A Node.js module that harvests app-level config values from command line arguments, environment variables, or config files based on a config schema you define within your app. This module was built and is maintained by the Roosevelt web framework team, but it can be used independently of Roosevelt as well.
Configs matching a given schema are sourced from the following locations in the following order of precedence:
- Command line argument set in the schema via
commandLineArg
. - Environment variable set in the schema via
envVar
. - Deployment config file declared via:
- Command line argument:
--deploy-config-file
or--df
. - Environment variable:
DEPLOY_CONFIG
. - package.json as a
deployConfig
field.
- Command line argument:
- Default defined in the schema.
First declare source-configs
as a dependency in your app.
Then create a config schema JSON object to tell source-configs
what config values to listen for.
Here's a simple example declaring that our application will use a WebSocket with a configurable host, port, and protocol:
// your-schema-js-file.json
{
websocket: {
host: {},
port: {},
protocol: {}
}
}
Schemas support the following metadata for each configurable property in order to create constraints if desired or add additional functionality:
description
[String]: Describe what this config will be used for.default
[any]: Set a default value for this config. If not set, the default is null.values
[Array]: Enumerated list of values that are valid. If not set, any value will be valid.commandLineArg
[String|Array]: Command line argument(s) to listen for that will set this config. If not set, source-configs will not listen for command line arguments to set the value for this config.envVar
[String|Array]: Environment variable(s) to listen for that will set this config. If not set, source-configs will not listen for an environment variable to set the value for this config.
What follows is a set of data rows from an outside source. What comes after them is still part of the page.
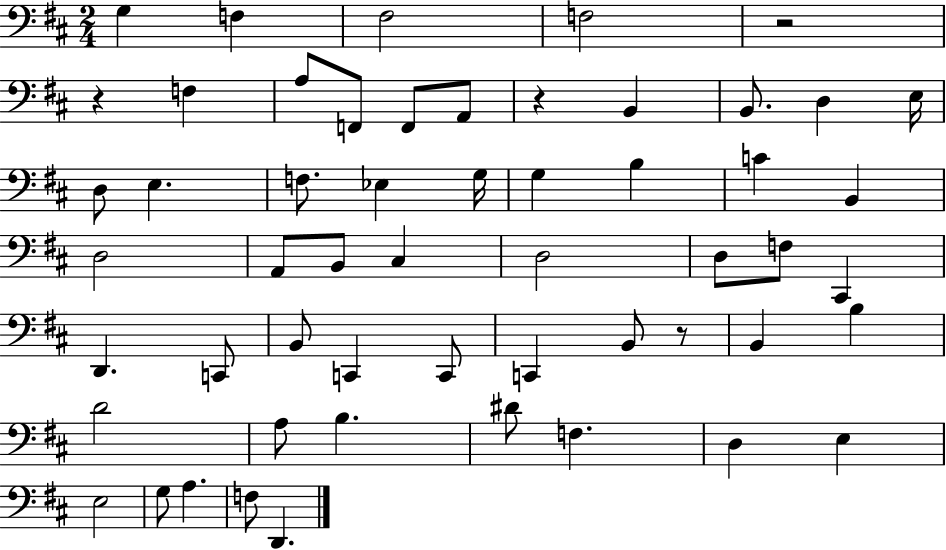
{
  \clef bass
  \numericTimeSignature
  \time 2/4
  \key d \major
  g4 f4 | fis2 | f2 | r2 | \break r4 f4 | a8 f,8 f,8 a,8 | r4 b,4 | b,8. d4 e16 | \break d8 e4. | f8. ees4 g16 | g4 b4 | c'4 b,4 | \break d2 | a,8 b,8 cis4 | d2 | d8 f8 cis,4 | \break d,4. c,8 | b,8 c,4 c,8 | c,4 b,8 r8 | b,4 b4 | \break d'2 | a8 b4. | dis'8 f4. | d4 e4 | \break e2 | g8 a4. | f8 d,4. | \bar "|."
}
Additionally, a schema can be a function which has the parent config passed to it as the first argument. To do this create a key/value pair within the schema object:
- If the schema is stored in a
.js
file, set the key as the desired function name and the value as the function. - If using a
.json
file to store the schema, set the key as the desired function name and the value as'user defined function'
. Once the.json
file is required in, override the key's value with the desired function.
Below is a more complex WebSocket config example leveraging all of the above metadata options:
// your-schema-js-file.json
{
websocket: {
host: {
description: 'WebSocket host URL',
default: 'localhost',
commandLineArg: ['--websocket-host-url', '--ws-host', '-h'],
envVar: ['WEBSOCKET_HOST_URL', 'WS_HOST']
},
port: {
description: 'WebSocket port',
default: 8081,
commandLineArg: ['--ws-port', '-p'],
envVar: 'WS_PORT'
},
protocol: {
description: 'Which WebSocket protocol',
values: ['ws', 'wss'],
commandLineArg: '--ws-protocol',
envVar: 'WS_PROTOCOL'
},
url: 'user defined function'
}
}
Here's an example usage of source-configs using the schema defined above:
const sourceConfigs = require('source-configs')
const schema = require('./your-schema-js-file.json')
schema.websocket.url = function (config) {
return config.protocol + '://' + config.host + ':' + config.port
}
const config = sourceConfigs(schema)
// access one of the configs
console.log(config.websocket.port)
In addition to its constructor, source-configs exposes the following properties:
configs
[Object]: The resulting configs after running source-config's constructor.commandLineArgs
[Array]: All command line arguments passed to your application, including those not listened for by your schema. Powered by yargs-parser.yargsParser
[Function]: The instance of yargs-parser that source-configs used to compile all command line arguments passed to your application.